There are now almost three million fewer Russians than there were when the Soviet Union collapsed, and analysts are wondering where the depopulation of the world's largest country will end.
Most experts see the population decline continuing due to a low birth rate, which is exacerbated by widespread abortion, and a far higher death rate blamed on formidable alcohol abuse, a failing public health system, a growing AIDS problem and a shockingly high suicide rate.
The statistics speak for themselves.
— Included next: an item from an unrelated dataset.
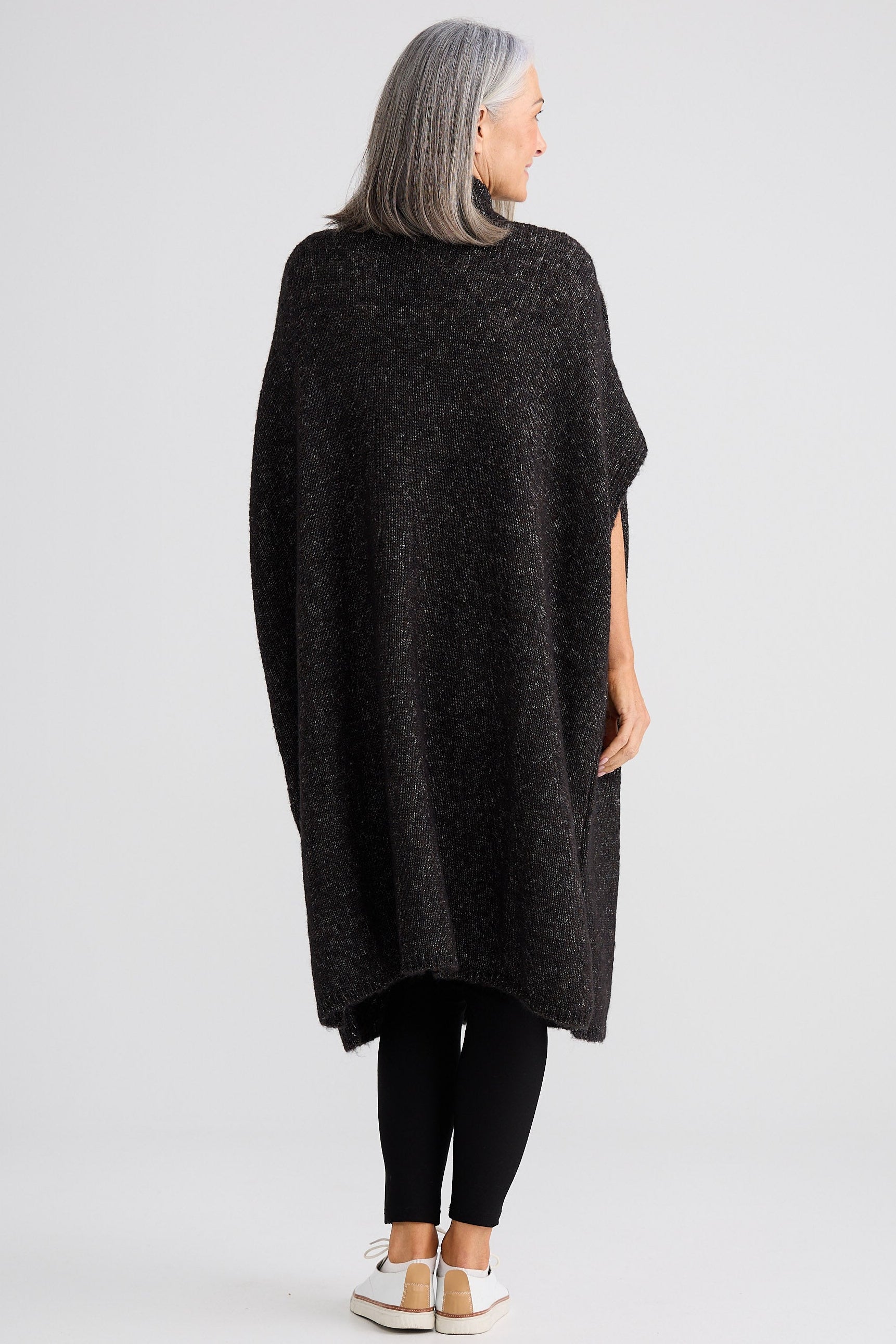 Person wearing a dark gray poncho on a light gray background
The State Statistics Committee reported on Monday that Russia's population at the end of 1999 was 145.5 million, 2.8 million fewer than in 1992. Last year the population fell by a staggering 784,500, or 0.5 percent.
The number of immigrants fell sharply to 379,700 while the number who emigrated rose to 214,900. Births fell to 1.215 million while deaths increased to 2.14 million.
Georgetown University's Murray Feshback predicted recently that with the birth rate falling sharply, and the death rate climbing, Russia's population would evaporate to just 80-100 million people by 2050.
Russia's birth rate has been hit by the double-whammy of economic crisis, which has made people reluctant to procreate, and the almost blase attitude to abortion here.
The Russian press reported earlier this month that for every birth in the country there are two abortions.
"Russia is on the verge of a demographic crisis because we don't have very many children being born," said Valentin Pokrovsky, head of Russia's Academy of Medical Sciences recently.
Government reports issued in recent years have suggested that the demographic tendencies in the country could be a "threat to national security," with a worse-case scenario predicting a halving of the population by 2050.
"These projections are exaggerated," said Kremlin demographics advisor Vladimir Mukomel. "No expert worth his salt could advance such predictions," he told AFP.
And yet the death rate, which implies that the average Russian man dies at the age of 58, still remains a serious concern.
Alcohol abuse is partly blamed for this, but the re-emergence of tuberculosis, rife in Russian prisons, and a growing AIDS problem are also factors, experts say.
At some 40 people per 100,000 inhabitants meanwhile, Russia's suicide rate is one of the worst in the world. Eight people killed themselves in Moscow on Sunday alone, the Segodnya daily reported, most of them throwing themselves out of windows.
Emigration meanwhile remains popular with more than 200,000 people leaving Russia on average every year.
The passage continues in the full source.